**How to complete this task**. Reproduce the entire listing exactly. Leave the pictures out.

**Excerpted records**.
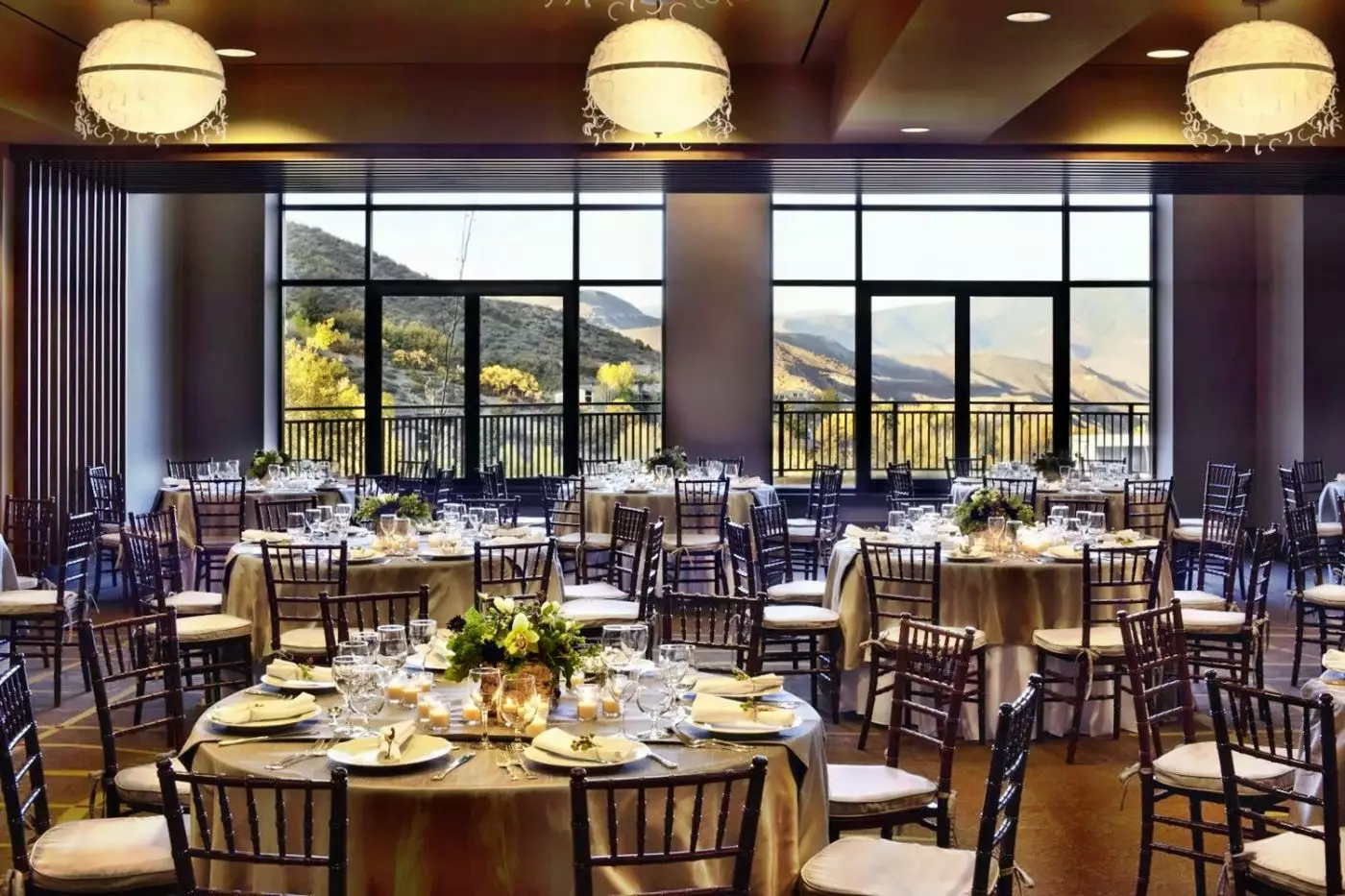 Viceroy Snowmass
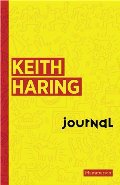 keith haring - journal keith haring - journal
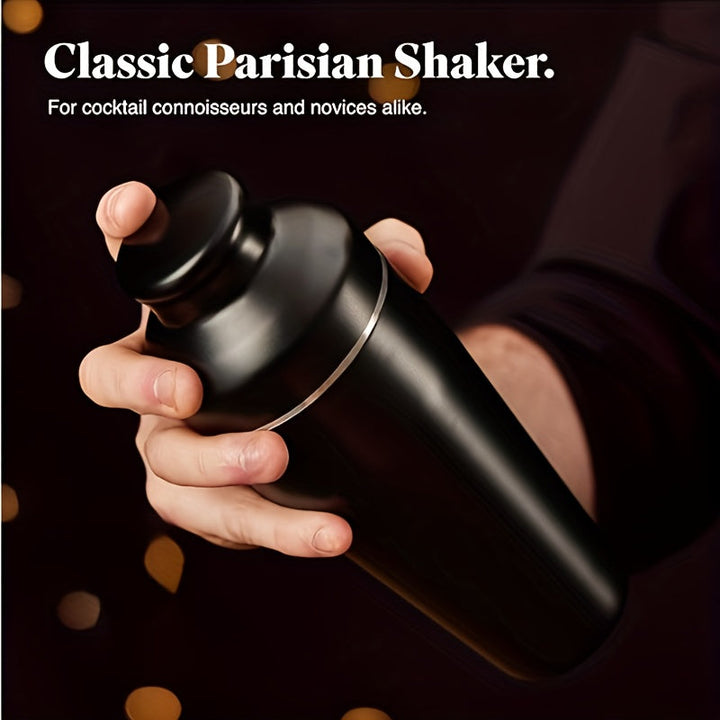 Professional Cocktail Set - MixMaster-State of Style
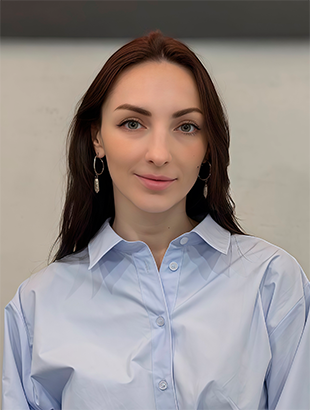 Маркетолог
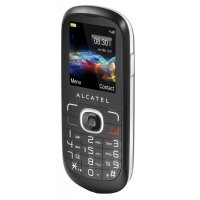 Отзыв о Сотовый телефон Alcatel One Touch OT-311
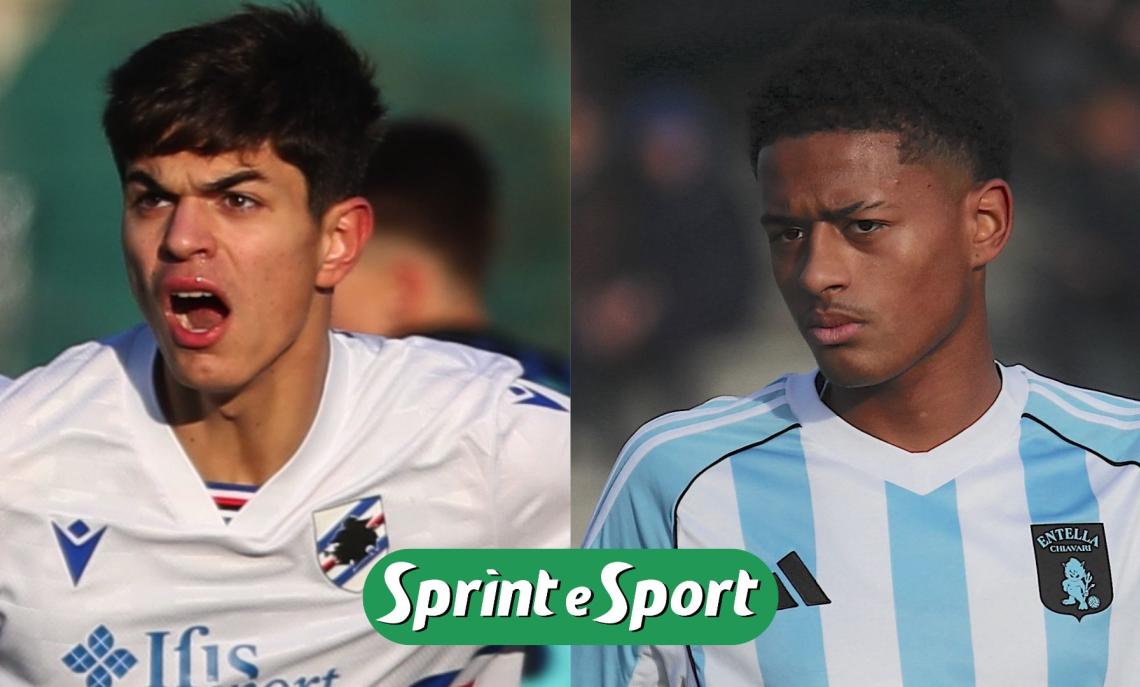 Un gol all'ultimo istante decide uno dei derby pi&ugrave; sentiti: 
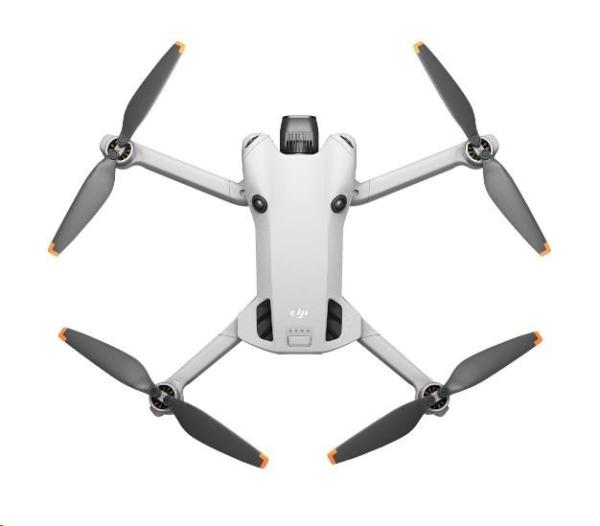 DJI Mini 4 Pro Fly More Combo (DJI RC 2)2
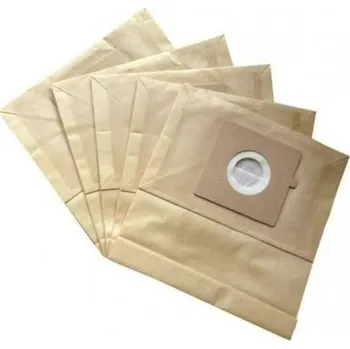 Sáček do vysavače Sáčky do vysavače LG ELECTRONICS Turbo 4400 papírové 5ks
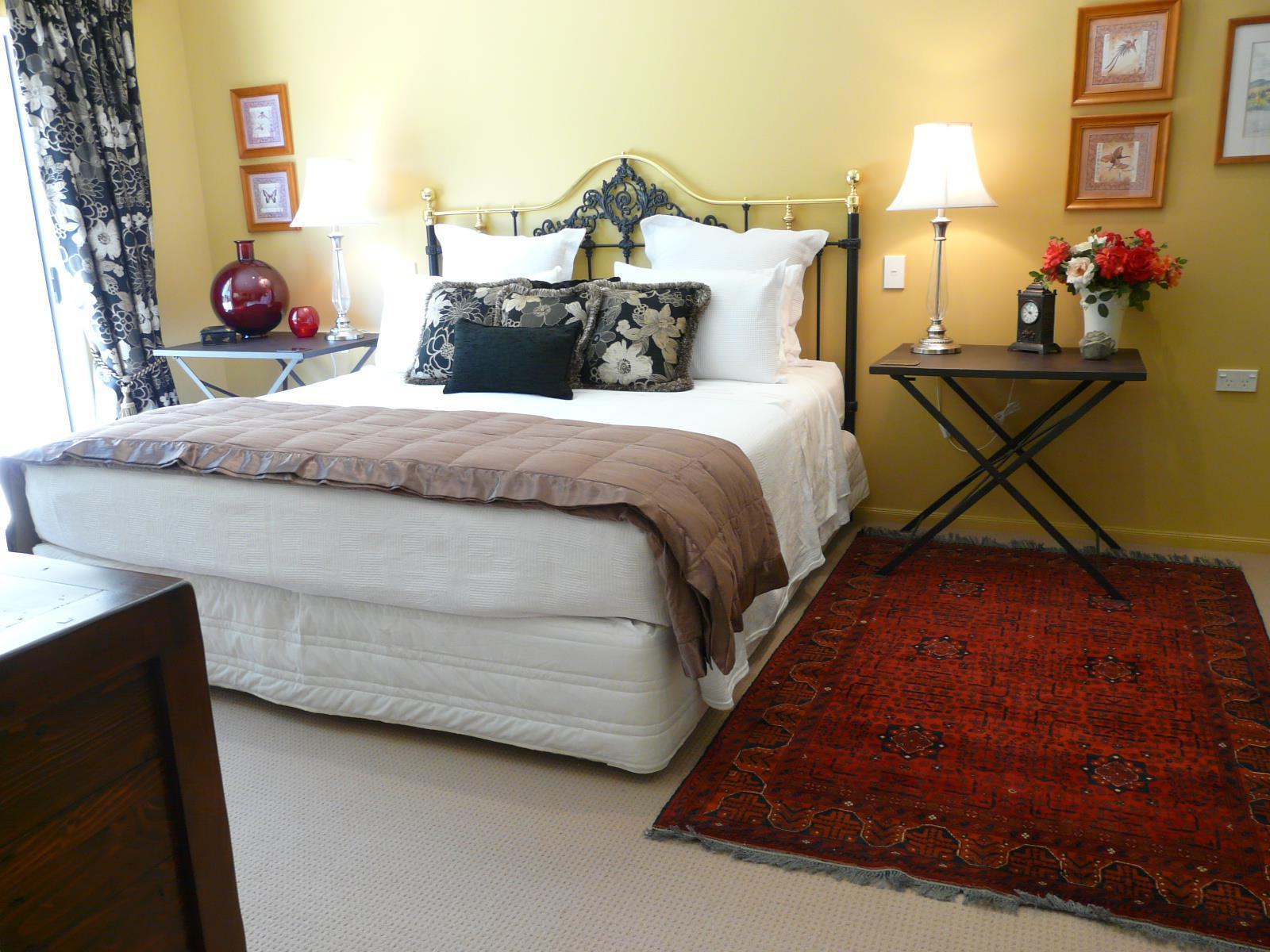 Richlyn Homestay Luxury Bed & Breakfast Taupo Dış mekan fotoğraf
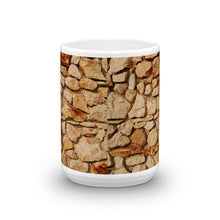 Pattern Mug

**Solution**.
 Viceroy Snowmass
 keith haring - journal keith haring - journal
 Professional Cocktail Set - MixMaster-State of Style
 Маркетолог
 Отзыв о Сотовый телефон Alcatel One Touch OT-311
 Un gol all'ultimo istante decide uno dei derby pi&ugrave; sentiti: 
 DJI Mini 4 Pro Fly More Combo (DJI RC 2)2
 Sáček do vysavače Sáčky do vysavače LG ELECTRONICS Turbo 4400 papírové 5ks
 Richlyn Homestay Luxury Bed & Breakfast Taupo Dış mekan fotoğraf
 Pattern Mug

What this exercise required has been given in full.